*AIM OF THE EXERCISE*
For the records below, print the lines from the line with "Pure Roq Muffinform" through the line with "Soft Spot 4-Piece" exactly as written; include both end lines and exclude the rest.

Top of GIVEN ENTRIES

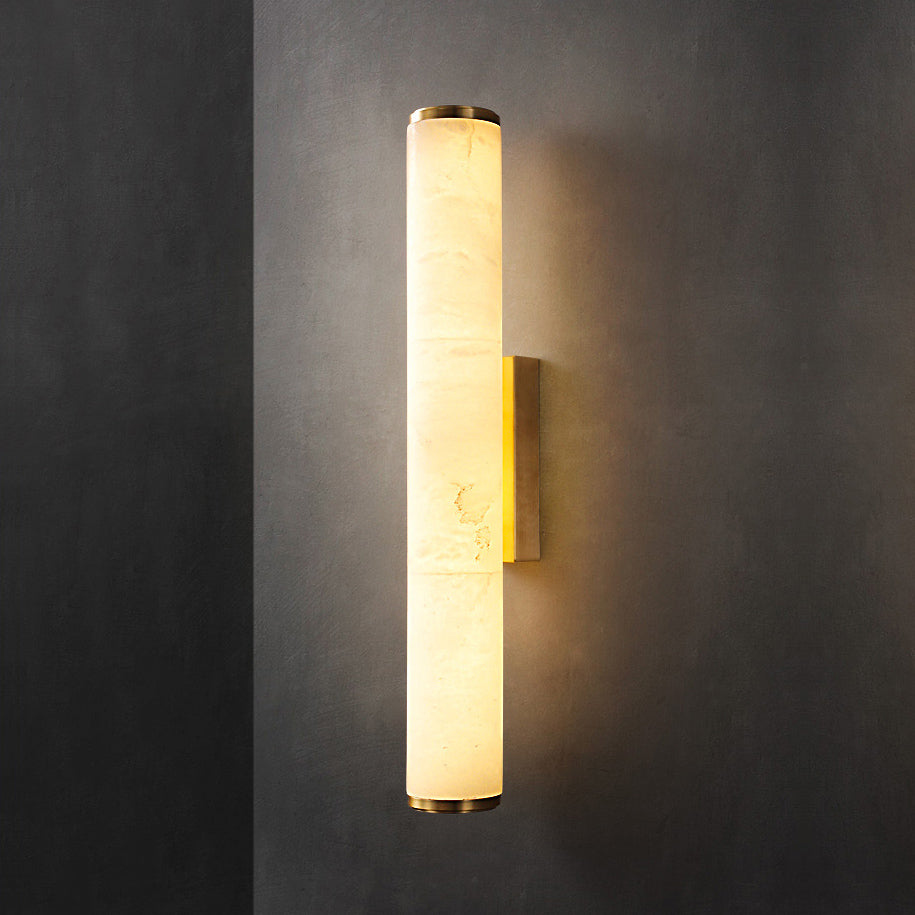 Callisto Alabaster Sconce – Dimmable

Bottom of GIVEN ENTRIES
Top of GIVEN ENTRIES

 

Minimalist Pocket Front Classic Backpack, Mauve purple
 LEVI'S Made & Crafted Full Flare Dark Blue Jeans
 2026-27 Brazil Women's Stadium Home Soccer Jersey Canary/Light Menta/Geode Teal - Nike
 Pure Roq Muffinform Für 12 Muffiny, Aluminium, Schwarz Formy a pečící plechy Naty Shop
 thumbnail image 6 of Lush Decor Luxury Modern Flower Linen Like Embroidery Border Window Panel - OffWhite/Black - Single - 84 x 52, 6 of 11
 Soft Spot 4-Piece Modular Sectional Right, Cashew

Bottom of GIVEN ENTRIES

*EXPECTED OUTPUT*
 Pure Roq Muffinform Für 12 Muffiny, Aluminium, Schwarz Formy a pečící plechy Naty Shop
 thumbnail image 6 of Lush Decor Luxury Modern Flower Linen Like Embroidery Border Window Panel - OffWhite/Black - Single - 84 x 52, 6 of 11
 Soft Spot 4-Piece Modular Sectional Right, Cashew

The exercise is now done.